From Genome Analysis Wiki
Revision as of 14:37, 30 January 2011 by Youna (talk | contribs)
Jump to: navigation, search

Overview

A few rare variants tests (Li-Leal's CMC and Madsen-Browning's weighted method) are implemented in the logisitc regression framework using C++.

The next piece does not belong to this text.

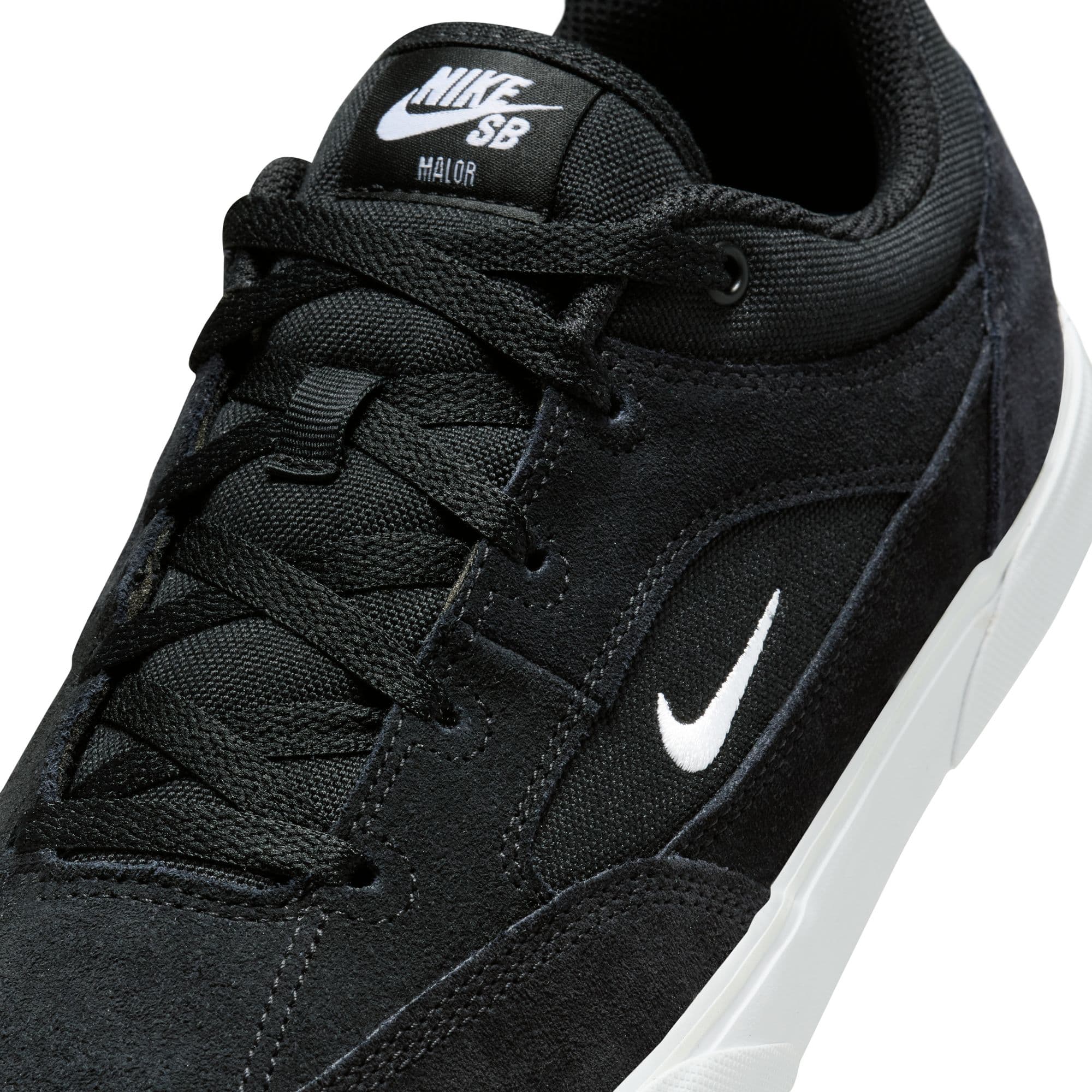 https://admin.plaze-shop.de/wp-content/uploads/2024/09/NikeSB_Malor_FV6064-001_plaze-shop_1-2.jpeg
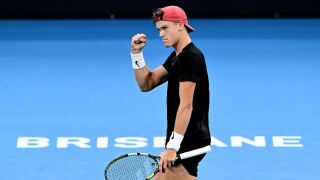 Руне чака Гришо в спора за трофея в Бризбейн (ВИДЕО)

The source code is located at wonderland:/home/youna/prj/RV/RV3Tests.v1/

The binary file is located at wonderland:/home/youna/prj/RV/RV3Tests.v1/executables/rvTests

Example

See a detailed example here.

Syntax

This software uses command line interface as follows

RARE VARIANT ANALYSIS OPTIONS:

                GENOTYPE : --genofile [pos.012],
                           --geneList [outGeneSorted.txt], --cutoff [0.010],
                           --collapseChoice [or]
               PHENOTYPE : --phenofile [LDL.y.ID]
              COVARIATES : --covConsider, --covfile [covFile.ID.2.txt]
             PERMUTATION : --nPermute [10], --PermutationSeed [1]
  GENE LEVEL TEST RESULT : --geneGlobalTestOut [globalPermuteSummary.txt],
                           --geneTestpvalueFile [geneTestPvalues.txt]


GENOTYPE
--genofile
A genotype 012 matrix (.012 is the file) This file can be prepared by using the prepare012s
 source code (wonderland:/home/youna/prj/RV/vcfReader.v1)
 binary file (wonderland:/home/youna/prj/RV/vcfReader.v1/executables/prepare012s)
Note: If you going to analyze nonsynonymous and stop annotated variants, 
 you should use Yanming's vcf annotation [1] on the vcf file.

Data File PREPARATION

         Input files : --vcf [LDL.test.vcf], --log [], --IDfile []
  Subsetting choices : --All
        Output files : --outputPrefix [subsetGeno],
                       --outputGeneList [LDL.geneList.txt]
  --vcf: Input vcf file 
  --log: This is the log file from Yanming's annotation output, we use this log to obtain the gene list
  --IDfile specifies a file with one column of subject IDs to subject from the vcf file. 
   If it is not specified, then all subjects are included for the format conversion.
  --All:  specifies 1 to include all variants and 0 to include only nonsyn and stop annotated variants.
  -- outputPrefix: Specify the prefix for the four output files which will be used in rvTests
  *.012: A genotype matrix with subjects as rows and variant sites as columns.
  *.012.pos: Chromosome and position numbers. 
  *.012.indv: Subject IDs.
  *.012.frq: The frequency of the included variants.
 --outputGeneList:  Specify a file to store the gene list which will be used in rvTest.
 The list file looks like this 
 1	OR4F5	69090	70008
 1	SAMD11	860529	871276
 1	NOC2L	879583	893918
 1	KLHL17	895966	901095
 1	PLEKHN1	901876	910482
 1	C1orf170	910578	912021
--geneList
This file is an output from prepare012s using the option --outputGeneList with columns as chromosome number, gene Name, start position, end position. There should be no header for this file.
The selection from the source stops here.